We own a 1991 Elddis Autoquest 320. We need to do some restoration works as we have found some leaks that have led to extensive rot of the internal framing at roof level. I have found two pinhole leaks on the nearside rear and clearly there have been leaks around both of the rear roof lights. The more I dig the more I find. However looking at UKCampsites I see I'm not alone, and that there is an "I Fixed it club", which without doubt after my discoveries saved the old beast from going off to join the choir invisible.

My problem isn't so much the leaks, as I have the book "Build your own Motorcaravan", and all the fixed it clubs archives of advice, and I'd like to think I'm competent with glue, hammers and ordering tea. No: the problem I have is that our motor home is road side. I am looking for a barn or some such unit, but worst ways I'm going to have to work in the street. And here in lies the question I need answering. If I remove all the internal upper storage cupboards, bathroom and wardrobe floor to ceiling dividers/partitions am I going to compromise rigidity to the point that the unit could collapse in either high wind or as a result of a bus regularly whizzing past it and shaking it about?

The unit is a rear kitchen and bathroom model. So far I have only removed the old oven, fridge and entire shower room fittings (which I was going to do anyway). Now having stripped out some more of the damp insulation and wall board on the ceiling I have found that both of the inner timbers that run inside the insulation; one assumes previously bonded to the skin, are in actual fact no more than powdery black wet stuff. I suspect that the rot in these timbers runs a good way along the on both sides. If I continue to remove the rear wardrobe, LPG, internal cupboard, and upper storage cupboards, will all the stiffness of the shell be removed? There are obviously cross spanning timbers that are also rotten enough to warrant a rip and replace, and one which appears to have a damp induced dry rot.

http://www.elddis.co.uk/motorhomes/1005/autoquest_130.html

The attached link shows the modern equivalent of our floor exactly. And from the virtual tour you can see the positions of the wardrobe, shower room and opposite the LPG/Microwave tower.

I did ask Elddis if they had original framing drawings and they were unequivocally unhelpful.

If anyone does have a set of the original frame drawings it would be appreciated (BIG ask I know). Despite its age and issues we would like to get it back to mint inside, with a modern revamp and re-trim, and some minor modifications to the high level cupboard layout, as we would like to go travelling for up to a year, starting next year.

Clearly we are not looking for a concours restoration, we want modern user friendly inside for two and to use the additional space we intend to claw back for additional storage (beeding and clothes mostly). We intend popping up to Magnums showroom with a shopping list, however before we do, we would like to know what to put on that shopping list. So any help with the technical question regarding road side working would be useful, and any help with the internal fit shopping list would be likewise very useful.


----------



## Molenoux (Aug 26, 2010)

Hi ShineAndFinch,

Quite an interesting job you have there!

I am unable to offer you much technical advice. However, from what I know about Elddis, you should perhaps ask them if their construction technique of their motor caravans has radically altered from that used in 2005.

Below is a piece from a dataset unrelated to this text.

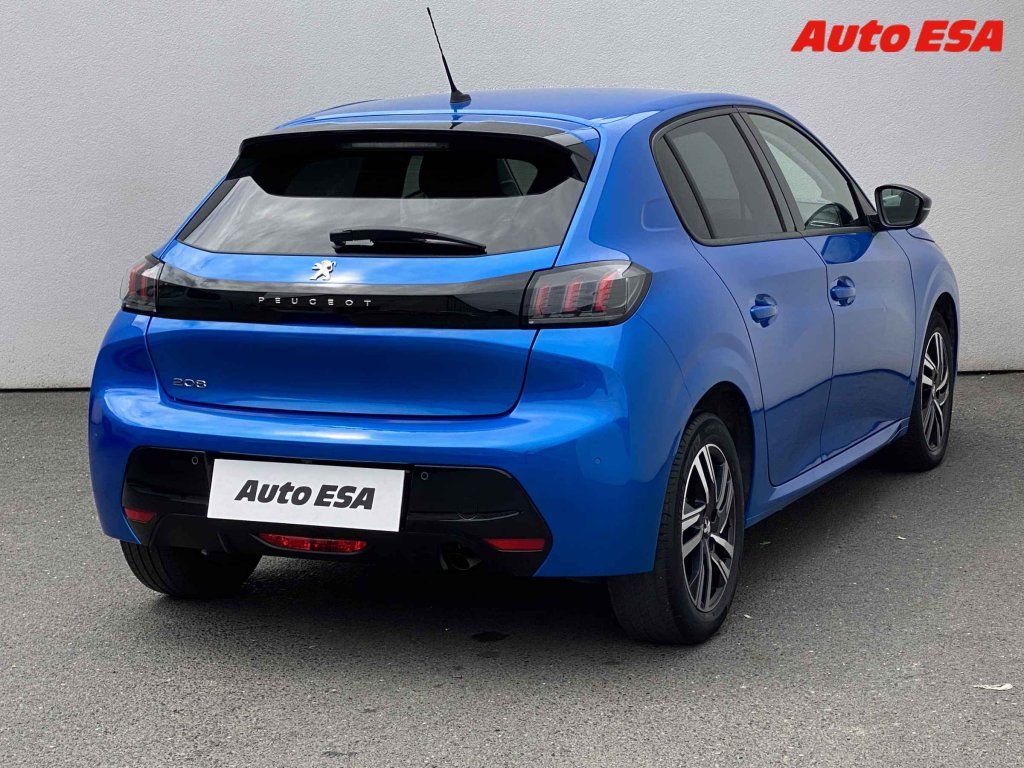 Peugeot 208, 1.2,Allure - fotka 4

They now construct vans by fixing front, side and roof panels first, then finishing fixing interior fittings by entry at the rear.

If in 2005, they fitted the roof last then this would indicate a much different order of fitting, which in turn could affect how you should tackle your refit.

Doing what you describe on the street, so to speak, is a very brave thing to do. It will probably take you much longer to do than estimated, and it will need very careful planning.

But I applaud you for asking the questions that you have.

Cheers

Molenoux


----------